Background: There is increasing awareness that medications can contribute to cognitive decline. Prospective cohort studies are rich sources of clinical data. However, investigating the contribution of medications to cognitive decline is challenging because both medication exposure and cognitive impairment can be associated with attrition of study participants, and medication exposure status may change over time. The objective of this review was to investigate the statistical methods in prospective cohort studies assessing the effect of medications on cognition in older people.
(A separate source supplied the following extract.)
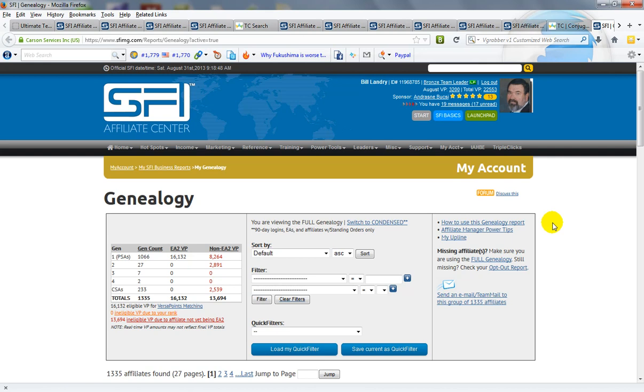So compare that to the time you spend now and the time that you've just saved and then multiply that by 30 days and it becomes significant.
Methods: A systematic literature search was conducted to identify prospective cohort studies of at least 12 months duration that investigated the effect of common medications or medication classes (anticholinergics, antihistamines, hypnotics, sedatives, opioids, statins, estrogens, testosterone, antipsychotics, anticonvulsants, antidepressants, anxiolytics, antiparkinson agents and bronchodilators) on cognition in people aged 65 years and older. Data extraction was performed independently by two investigators. A descriptive analysis of the statistical methods was performed.
Results: A total of 44 articles were included in the review. The most common statistical methods were logistic regression (24.6% of all reported methods), Cox proportional hazards regression (22.8%), linear mixed-effects models (21.1%) and multiple linear regression (14.0%). The use of advanced techniques, most notably linear mixed-effects models, increased over time. Only 6 articles (13.6%) reported methods for addressing missing data.
Conclusions: A variety of statistical methods have been used for investigating the effect of medications on cognition in older people. While advanced techniques that are appropriate for the analysis of longitudinal data, most notably linear mixed-effects models, have increasingly been employed in recent years, there is an opportunity to implement alternative techniques in future studies that could address key research questions.
Keywords: Aged; Cognitive impairment; Cohort studies; Data interpretation; Drug utilization; Review; Statistical.